WRONG. He plays ‘The Stranger’. What was your experience of ‘Portals’ been like?

“It’s been weird. It just kind of happened. I started working on music and then a certain time later, I had four tracks. I keep telling people it was never my plan to put out a solo album ‘cause I’m not that clever and don’t take myself that seriously. But one day I turned around, and I had four tracks of music on the table and I thought they were halfway-decent and decided fuck it, I’ll release it to the world and people can stream it ‘til they’re fucking sick of it and I’ll just go about my day doing what I usually do.”

Has ‘Portals’ opened the door to the possibility of more solo releases?

“Yeah, I’ve considered it. I’m always sitting on a tonne of music of all different types, so it’s highly likely I’ll do something in the near future. But it’s not going to be in the immediate future because Metallica is my priority and home. It’s my bed – the solo stuff is like a lost weekend for me! [Laughs]”


How many different artists appear on 2021’s all-star tribute album ‘The Metallica Blacklist’?

“Holy shit!

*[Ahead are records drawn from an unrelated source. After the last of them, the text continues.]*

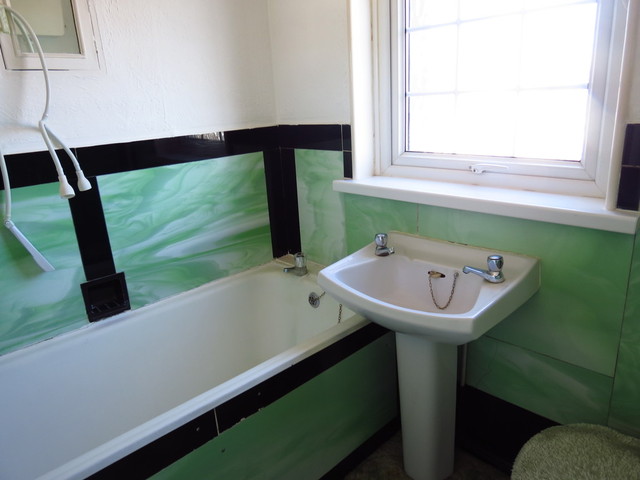  Image of 3 bedroom Terraced house for sale in White Hart Lane Portchester Fareham PO16 at White Hart Lane Portchester Fareham, PO16 9AN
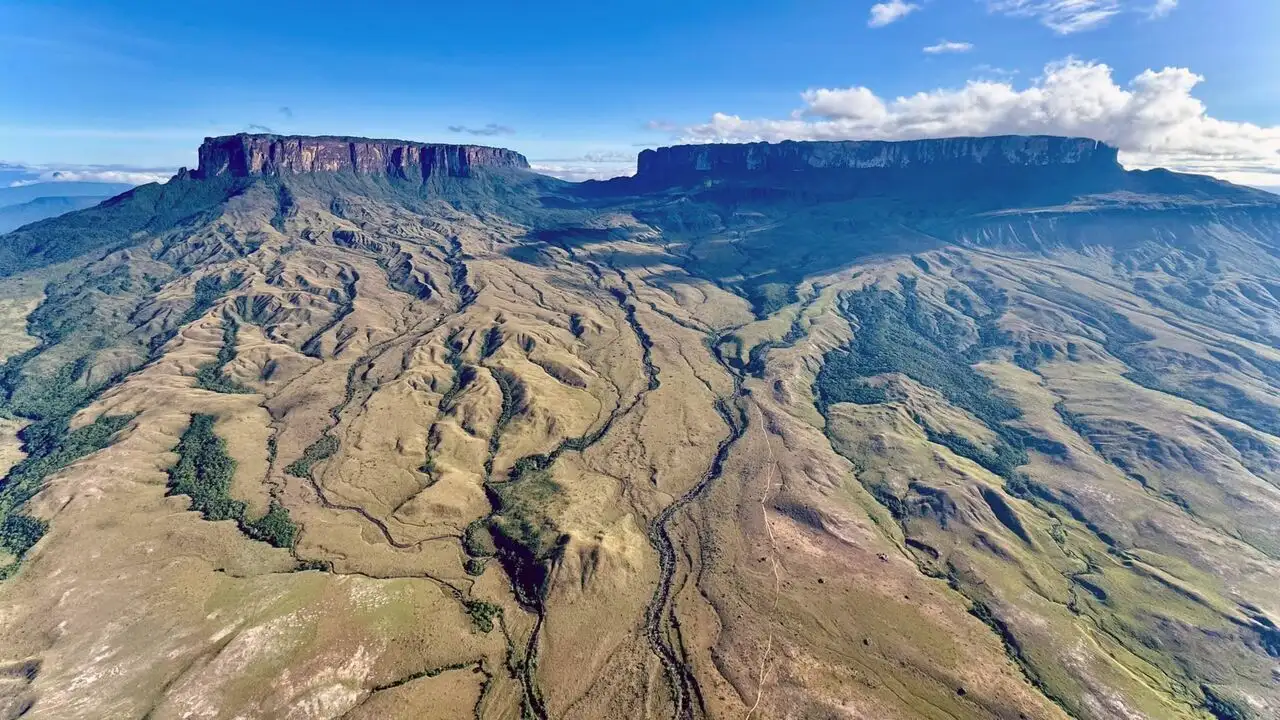 Aventures brésiliennes - D'Ipanema au mont sacré Roraima – image d’arrière-plan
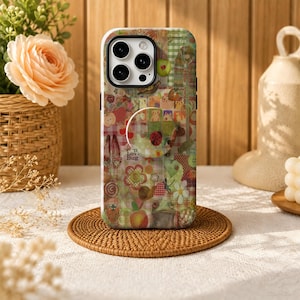 Puede incluir: Una funda para smartphone con un collage de varias ilustraciones que incluyen una rana, una mariquita, un caracol, fresas, manzanas, flores y un patrón de cuadros. La funda incluye un agarre circular desplegable y el texto "Love Bug".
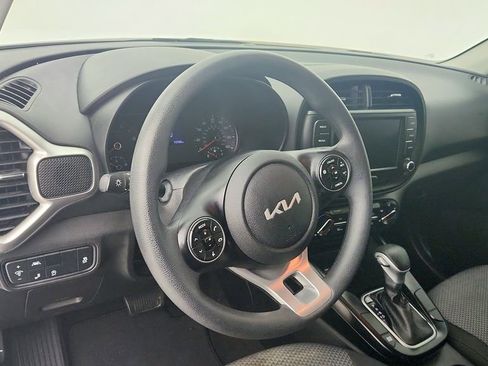 Used 2022 Kia Soul LX w/ Technology Package FWD image 14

I would say something like 15,000? [Laughs]”

WRONG. It’s 53.

“I knew there was a five in there!”

Metallica fans from Sam Fender to Elton John contribute to it…

“Having Elton appear on ‘Nothing Else Matters’ [with Miley Cyrus] felt like a culmination, because he was a huge inspiration to everyone in the band so for him to play on one of our songs is a huge honour.”

Who’s been the most unexpected person who’s turned out to be a Metallica fan?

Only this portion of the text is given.